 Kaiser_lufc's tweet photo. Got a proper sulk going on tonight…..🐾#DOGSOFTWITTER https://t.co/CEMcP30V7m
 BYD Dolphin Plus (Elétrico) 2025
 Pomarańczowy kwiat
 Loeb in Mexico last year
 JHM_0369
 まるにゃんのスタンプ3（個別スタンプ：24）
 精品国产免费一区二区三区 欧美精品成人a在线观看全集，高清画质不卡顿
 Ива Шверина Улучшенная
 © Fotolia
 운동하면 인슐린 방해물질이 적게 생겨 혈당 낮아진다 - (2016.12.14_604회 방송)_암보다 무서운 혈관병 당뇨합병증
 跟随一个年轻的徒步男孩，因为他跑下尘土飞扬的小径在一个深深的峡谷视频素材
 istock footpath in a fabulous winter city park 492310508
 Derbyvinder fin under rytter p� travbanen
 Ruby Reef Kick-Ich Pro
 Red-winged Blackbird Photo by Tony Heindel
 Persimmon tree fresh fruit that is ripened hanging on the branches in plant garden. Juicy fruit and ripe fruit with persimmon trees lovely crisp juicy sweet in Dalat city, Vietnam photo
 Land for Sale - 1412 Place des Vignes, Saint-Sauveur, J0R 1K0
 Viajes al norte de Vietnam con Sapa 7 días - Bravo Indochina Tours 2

= EXERCISE =
Print out the records exactly as they were entered.

= EXPECTED ANSWER =
 Kaiser_lufc's tweet photo. Got a proper sulk going on tonight…..🐾#DOGSOFTWITTER https://t.co/CEMcP30V7m
 BYD Dolphin Plus (Elétrico) 2025
 Pomarańczowy kwiat
 Loeb in Mexico last year
 JHM_0369
 まるにゃんのスタンプ3（個別スタンプ：24）
 精品国产免费一区二区三区 欧美精品成人a在线观看全集，高清画质不卡顿
 Ива Шверина Улучшенная
 © Fotolia
 운동하면 인슐린 방해물질이 적게 생겨 혈당 낮아진다 - (2016.12.14_604회 방송)_암보다 무서운 혈관병 당뇨합병증
 跟随一个年轻的徒步男孩，因为他跑下尘土飞扬的小径在一个深深的峡谷视频素材
 istock footpath in a fabulous winter city park 492310508
 Derbyvinder fin under rytter p� travbanen
 Ruby Reef Kick-Ich Pro
 Red-winged Blackbird Photo by Tony Heindel
 Persimmon tree fresh fruit that is ripened hanging on the branches in plant garden. Juicy fruit and ripe fruit with persimmon trees lovely crisp juicy sweet in Dalat city, Vietnam photo
 Land for Sale - 1412 Place des Vignes, Saint-Sauveur, J0R 1K0
 Viajes al norte de Vietnam con Sapa 7 días - Bravo Indochina Tours 2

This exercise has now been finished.